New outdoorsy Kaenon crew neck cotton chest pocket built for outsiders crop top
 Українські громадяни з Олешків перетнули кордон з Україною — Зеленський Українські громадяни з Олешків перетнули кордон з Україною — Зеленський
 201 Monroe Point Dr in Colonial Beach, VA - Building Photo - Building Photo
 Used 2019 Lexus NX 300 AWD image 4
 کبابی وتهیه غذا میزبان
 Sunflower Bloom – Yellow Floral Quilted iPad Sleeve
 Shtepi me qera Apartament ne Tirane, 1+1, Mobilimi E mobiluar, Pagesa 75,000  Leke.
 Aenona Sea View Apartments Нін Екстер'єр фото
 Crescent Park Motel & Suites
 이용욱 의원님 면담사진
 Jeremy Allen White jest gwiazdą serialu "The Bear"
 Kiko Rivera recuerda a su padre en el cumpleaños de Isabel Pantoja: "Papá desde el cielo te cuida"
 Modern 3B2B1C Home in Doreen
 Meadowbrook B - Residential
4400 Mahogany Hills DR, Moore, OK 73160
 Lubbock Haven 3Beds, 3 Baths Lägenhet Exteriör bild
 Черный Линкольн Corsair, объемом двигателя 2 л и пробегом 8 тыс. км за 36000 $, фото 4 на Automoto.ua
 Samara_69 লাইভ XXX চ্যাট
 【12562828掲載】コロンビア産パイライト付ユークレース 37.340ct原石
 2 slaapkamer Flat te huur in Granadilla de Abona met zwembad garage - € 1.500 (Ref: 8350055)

* _To do_:
Please copy out each line of the material that holds the string "фото".

* _Your response_:
 Aenona Sea View Apartments Нін Екстер'єр фото
 Черный Линкольн Corsair, объемом двигателя 2 л и пробегом 8 тыс. км за 36000 $, фото 4 на Automoto.ua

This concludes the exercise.